§ **Recorded data**:

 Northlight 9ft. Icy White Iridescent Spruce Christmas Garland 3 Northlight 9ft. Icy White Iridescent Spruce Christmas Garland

==

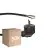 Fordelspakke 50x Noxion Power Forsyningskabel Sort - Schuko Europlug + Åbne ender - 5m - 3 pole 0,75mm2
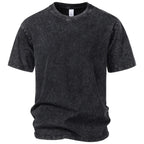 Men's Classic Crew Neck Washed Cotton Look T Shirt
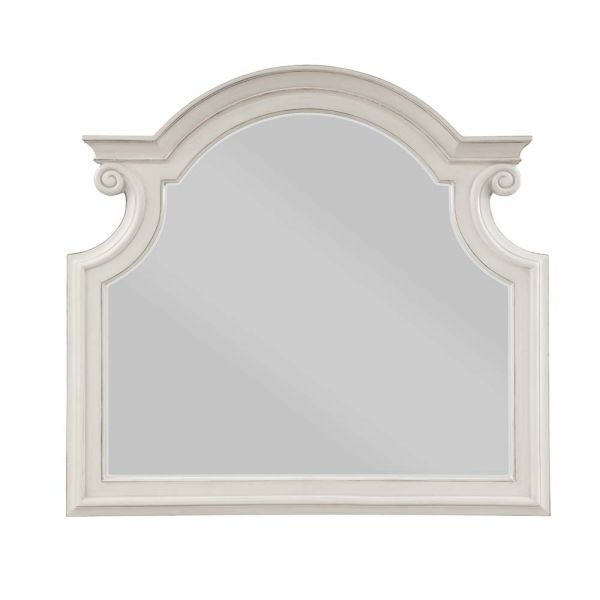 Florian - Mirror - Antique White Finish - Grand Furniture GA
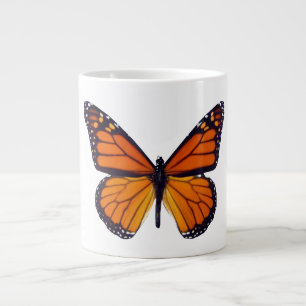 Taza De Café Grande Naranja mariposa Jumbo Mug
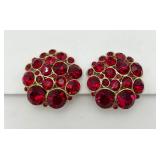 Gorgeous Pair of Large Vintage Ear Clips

--

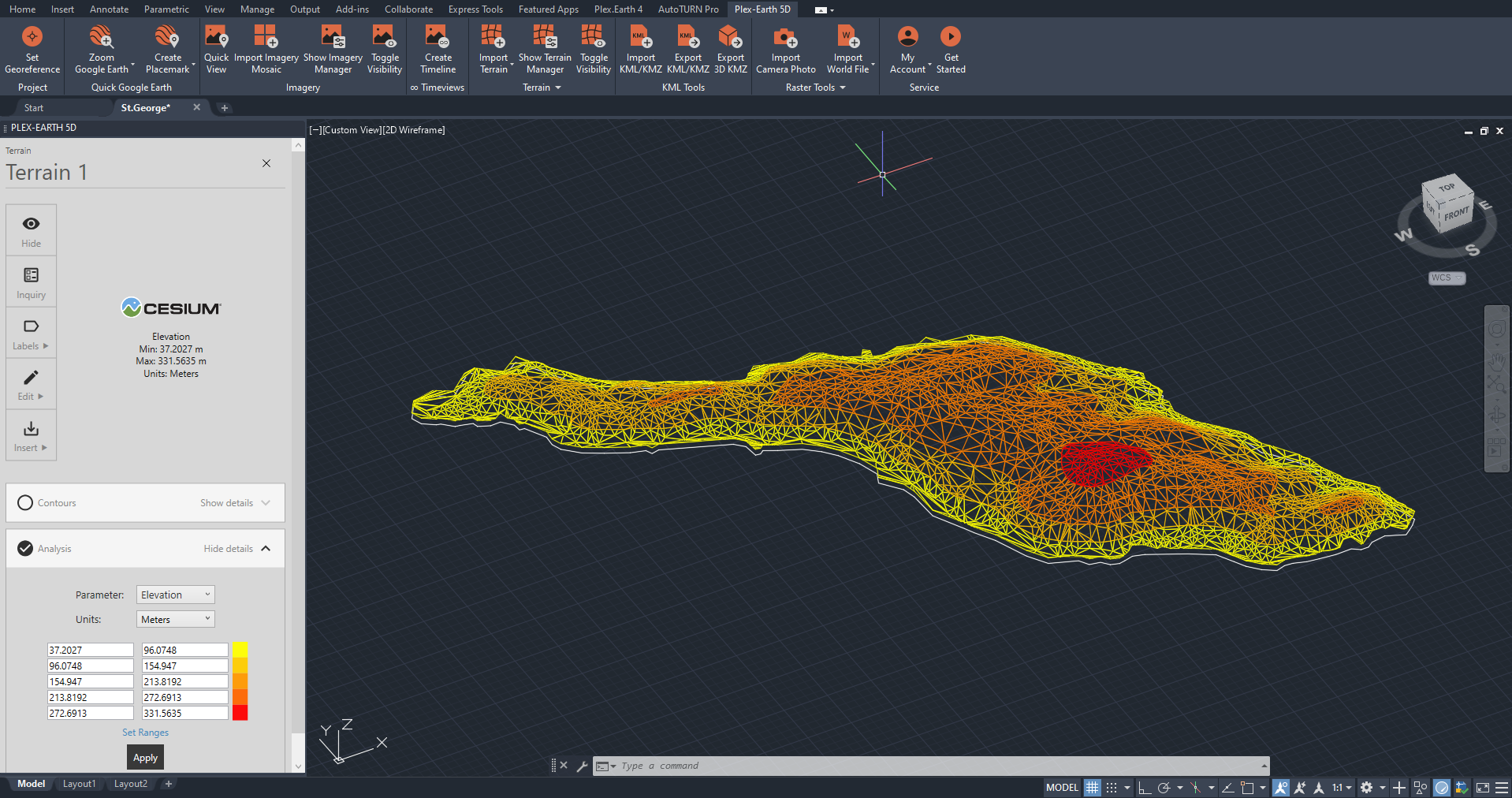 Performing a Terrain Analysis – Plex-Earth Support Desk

§ **Brief**: What you return must match, character for character, the lines above from the one with "Florian - Mirror" through the one with "Gorgeous Pair of Large Vintage Ear Clips", minus any pictures.

§ **Expected output**:
 Florian - Mirror - Antique White Finish - Grand Furniture GA
 Taza De Café Grande Naranja mariposa Jumbo Mug
 Gorgeous Pair of Large Vintage Ear Clips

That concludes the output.